Mayhew got out of the vehicle and immediately started shooting an assault rifle at the officers and the deputies, who returned fire, striking Mayhew one time.

Three deputies from the Merced County Sheriff’s Department, two officers from the Merced Police Department and one officer from the Turlock Police Department were involved in the shooting. All six of the officers and deputies fired at Mayhew. It’s unknown at this time whose bullet struck him.

None of the officers and deputies were injured in the exchange of gunfire, though a couple of the sheriff’s patrol cars were hit, resulting in shattered window shields and destroyed computers.

“If you can picture it you come into a dark area, the lights and sirens our going, you’ve been chasing the guy for an hour and all of a sudden he stops because the tires are all flat and all of a sudden you see a rifle coming out and muzzle flashes going, and your windshield is shattering and computers are blowing up in front of you,” Amirfar said. “You’re basically falling out of the car rolling over on the ground while you try and seek some type of cover.”

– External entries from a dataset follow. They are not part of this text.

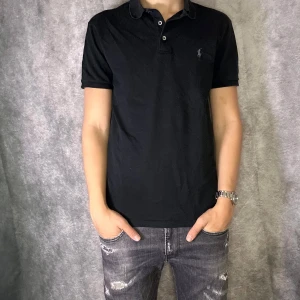 Ralph lauren piké - Mycket fint skick | Size M  | fraktar spårbart inom 24 timmar |  för att köpa klicka ” köp nu” | vid frågor skriv ett meddelande |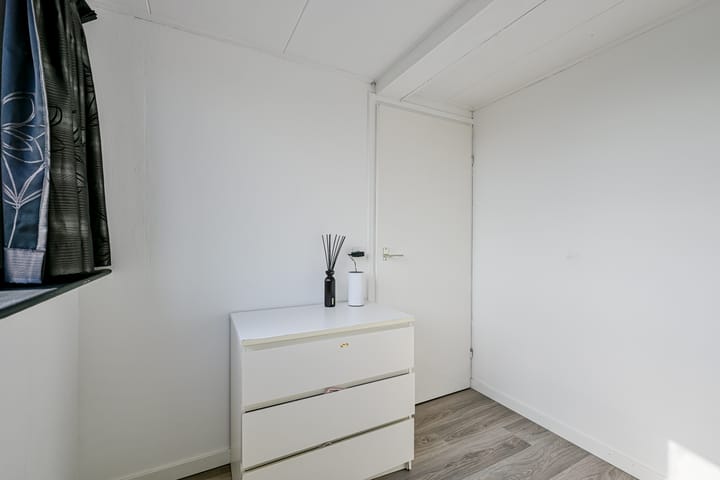 Foto 27 van Henriëtte Roland Holststraat 18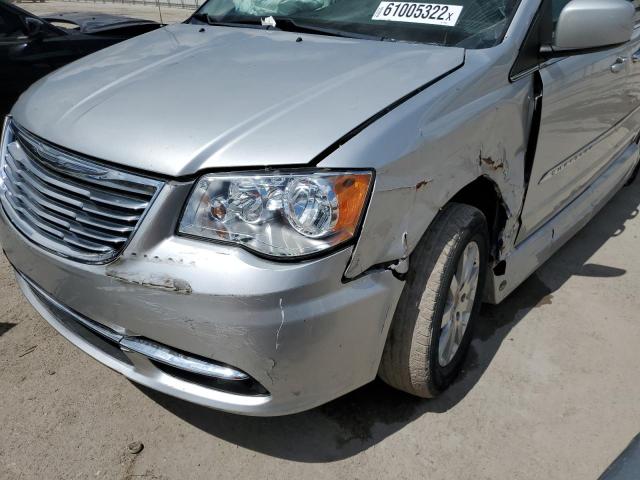 2C4RC1CG2CR368509 - 2012 CHRYSLER TOWN & COU SILVER photo 9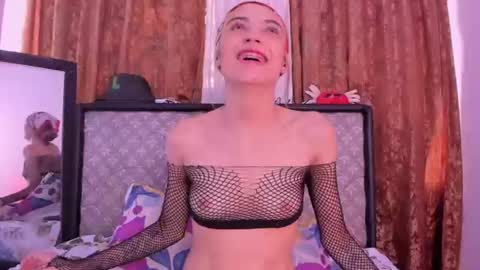 Snapshot of sophie_vega1 chatting on 06/12/26, 06:40 Sophie online show from 06/12/26, 06:40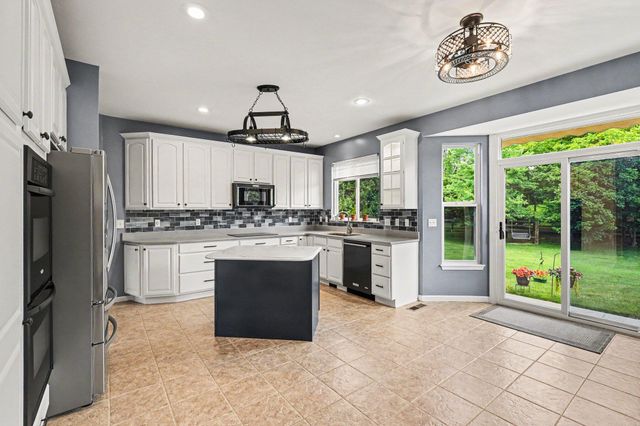 10282 Highmeadow Lane, Independence, KY 41051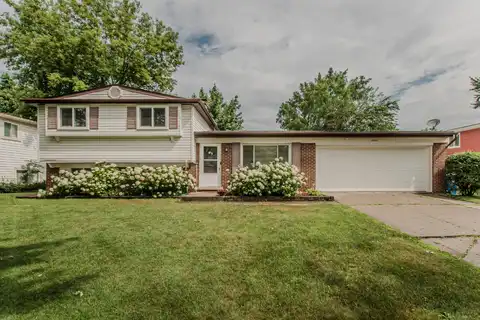 5840 Pontiac Lake Road, Waterford, MI 48327
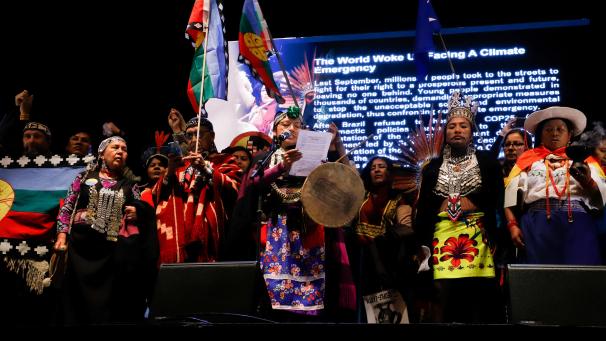 <p>Vertreter indigener Völker treten beim Klimamarsch am Freitagabend auf. Die Demonstranten wollen damit verantwortliche Politiker zu mehr Engagement im Kampf gegen die globale Erderwärmung aufrufen.</p>
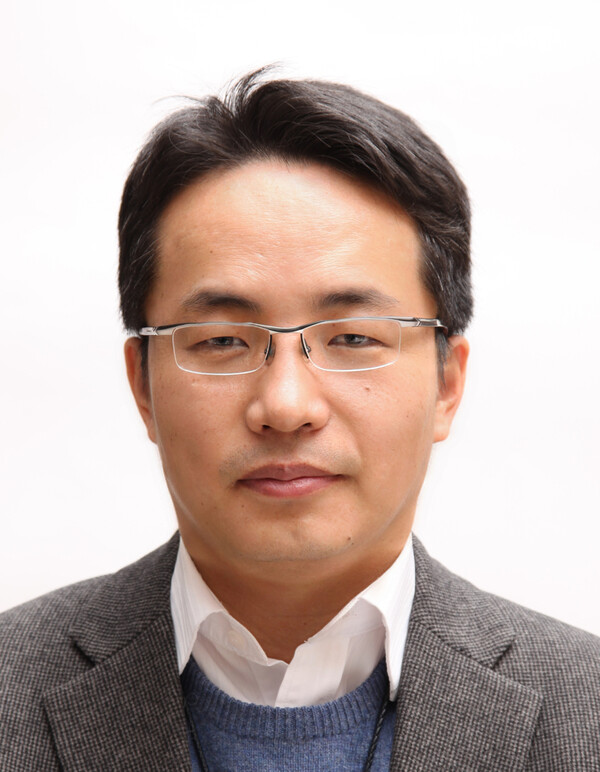 김성백 신임 단장 [사진: 한국연구재단]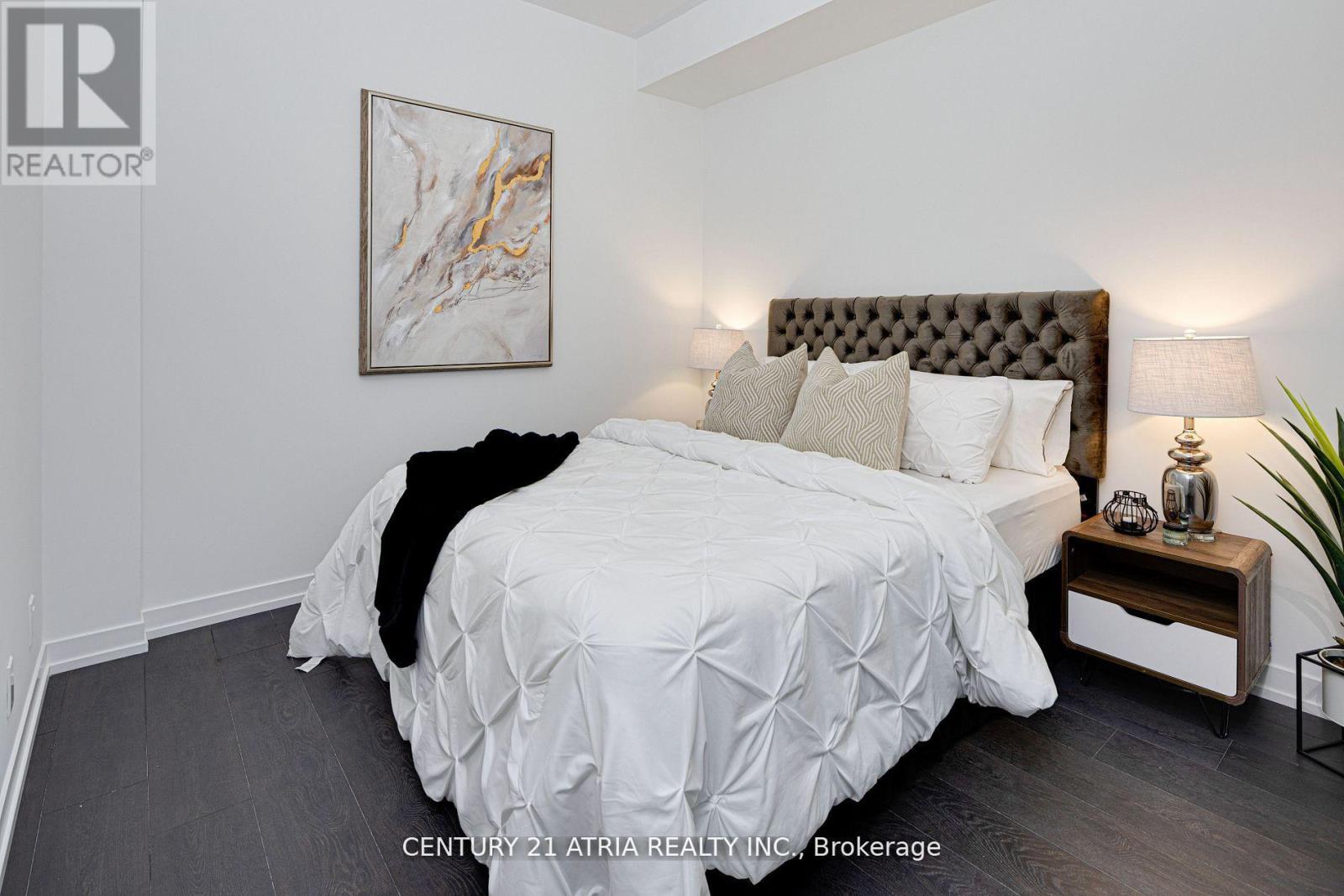 1810 - 2020 Bathurst Street, Toronto, Ontario  M5P 0A6 - Photo 7 - C12443805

On Oct. 31, 2016, Juy Gastelo, 30, of Turlock, was fatally shot while allegedly breaking into a home in the 300 block of N. Thor Street, according to the Turlock Police Department. Gastelo was shot by the homeowner, who reported it to the police and claimed he caught the suspect breaking in. The name of the homeowner was not released at the time, but in a news release regarding the pursuit and shooting, the Turlock Police Department stated the home on N. Thor is owned by Mayhew.

“Our job is to verify if that was the totality of the circumstances in order to determine if the homicide was justifiable or not,” Amirfar said.

At the time, Gastelo’s family expressed shock that he would have been involved in a home burglary because his father-in-law had been shot and killed during a break-in years prior.

Turlock investigators were able to recover numerous items of evidence from locations they searched, including the N. Thor Street home. The search warrants remain sealed because of the on-going investigation.

“In the course of the investigation numerous firearms were recovered from the vehicle Mr. Mayhew was driving in the pursuit, including the assault rifle he used to try and kill the officers,” Cervenka said in the news release. 

Mayhew is the son of Stanislaus County Superior Court Judge William Mayhew. In 2002 he was convicted of vandalism for shooting out several windows of businesses in Modesto and Turlock with a sling shot. Court records indicate a petition was later granted to have the conviction dismissed after Mayhew served his sentence.

Mayhew’s Facebook page paints a picture of him as a gun aficionado, with several photos of guns he describes as building himself. He also uses the hashtag “guntreasure” that he describes as his practice of burying firearm parts and then posting a photo of the area as a clue for seekers.

Mayhew wrote on his Facebook page: “I really am giving away gun parts. It's my new way to give back to the shooting community all over. I've already got the next lower built, but have to add a stock, then it's time to find a place to bury it!”

Mayhew has been booked by the Merced County Sheriff’s Department at the Merced County Sheriff County Jail for attempted homicide of a police officer. He is being held in lieu of a $4 million bail.

The Merced County Sheriff’s Department is handling the criminal investigation of the shooting, while the Department of Justice will be handling the crime scene investigation. The Turlock Police Department is conducting their own internal administrative investigation and the one officer who was involved in the shooting has been placed on administrative leave as per standard practice. The other law enforcement involved in the shooting also have been placed on paid administrative leave.

The Turlock Police officer involved in the shooting has no prior record of using deadly force, Amirfar said.


“He’s taking it rather difficultly,” Amirfar said. “I spent a lot of time with him last night, but he’ll get through it.

“Everyone thinks police officers are made of steel, but we’re not,” Amirfar continued. “We are human beings … it’s devastating. When I got there last night I can tell you that this young man was devastated. He did what he was trained to do, he acted appropriately based on the information he had, but he was still devastated.”